Woolworths Group shares are due to resume trading on Tuesday following the long weekend. Investors are watching for a possible small bounce in the supermarket operator’s stock, but the profit outlook remains unclear.
ASX was closed Monday for the King’s Birthday holiday. The last trade was Friday, with the index ending at A$35.69. ASX will resume normal trading from about 10 a.m. to 4 p.m. Sydney time.
Woolworths outperformed last week, finishing higher while the rest of the market lost ground. The S&P/ASX 200 dropped 0.70% to 8,625.10 on Friday. Woolworths shares gained 1.22%, market data show.
Woolworths shares finished the week up roughly 1.3% from their May 29 close at A$35.23. The stock dropped on June 1 and June 2, then gained ground for three sessions straight after that.
Woolworths did not issue any price-sensitive trading updates during the holiday break. According to ASX filings, the most recent company item is a June 5 Appendix 3Y for Scott Perkins. The last operational update with price impact was the April 30 third-quarter sales result.
Woolworths reported group sales up 4.5% to A$18.1 billion for the 13 weeks to April 5, driven by a 5.9% lift in Australian Food. Group e-commerce sales jumped 20.2% to A$2.7 billion.
Woolworths CEO Amanda Bardwell said the company has improved on value, fresh food, convenience and store execution, but flagged that “cost-of-living pressures are already acute.” Woolworths kept its guidance for Australian Food EBIT growth in fiscal 2026 in the mid-to-high single digits, but no longer sees the top end of that range.
Woolworths shares slumped almost 10% in late April after the company warned on fuel costs and spending to keep shoppers.

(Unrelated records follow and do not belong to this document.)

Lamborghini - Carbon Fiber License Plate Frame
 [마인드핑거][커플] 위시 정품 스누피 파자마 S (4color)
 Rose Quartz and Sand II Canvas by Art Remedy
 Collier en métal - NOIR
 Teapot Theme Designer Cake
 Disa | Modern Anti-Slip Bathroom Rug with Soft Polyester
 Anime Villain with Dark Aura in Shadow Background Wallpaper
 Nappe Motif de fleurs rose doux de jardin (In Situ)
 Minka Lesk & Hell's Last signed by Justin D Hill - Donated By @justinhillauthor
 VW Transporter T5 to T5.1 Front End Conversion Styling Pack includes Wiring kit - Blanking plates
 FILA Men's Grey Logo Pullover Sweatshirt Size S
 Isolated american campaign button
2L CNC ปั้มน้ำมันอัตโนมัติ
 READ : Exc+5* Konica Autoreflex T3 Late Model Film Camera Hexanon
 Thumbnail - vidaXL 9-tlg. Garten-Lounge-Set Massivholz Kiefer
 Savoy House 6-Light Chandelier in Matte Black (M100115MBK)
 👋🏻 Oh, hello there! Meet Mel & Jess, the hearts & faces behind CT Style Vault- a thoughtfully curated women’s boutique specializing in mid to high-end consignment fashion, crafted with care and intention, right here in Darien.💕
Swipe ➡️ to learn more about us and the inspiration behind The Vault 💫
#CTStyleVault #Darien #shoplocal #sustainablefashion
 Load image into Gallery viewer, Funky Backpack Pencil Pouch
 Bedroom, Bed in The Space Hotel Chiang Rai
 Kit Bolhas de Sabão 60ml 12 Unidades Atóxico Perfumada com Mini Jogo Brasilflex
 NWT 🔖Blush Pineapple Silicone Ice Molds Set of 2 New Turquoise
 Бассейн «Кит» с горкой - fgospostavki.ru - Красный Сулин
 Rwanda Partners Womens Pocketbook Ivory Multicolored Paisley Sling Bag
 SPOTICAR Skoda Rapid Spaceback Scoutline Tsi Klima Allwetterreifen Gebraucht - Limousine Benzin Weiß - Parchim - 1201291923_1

The grocer said it would freeze prices on 300 household staples for three months starting May 1, Reuters reported.
Coles, Woolworths’ main listed competitor, last changed hands at A$22.21, up 1.88%. Wesfarmers finished at A$78.93, up 0.40%, according to ASX data.
The market may see the rebound in the share price as shaky. Rising fuel costs, pressure from suppliers and wary shoppers threaten margins if Woolworths decides to take the hit in order to protect its market position. Any new signs of Coles pulling in more customers would add to the stress.
Supermarket stocks could get a test after the ASX opens this week, with traders watching if defensive buying continues and if Woolworths can hang onto the gains it made in late May without any new news from the company. How the index trades after the break may weigh more than it usually does.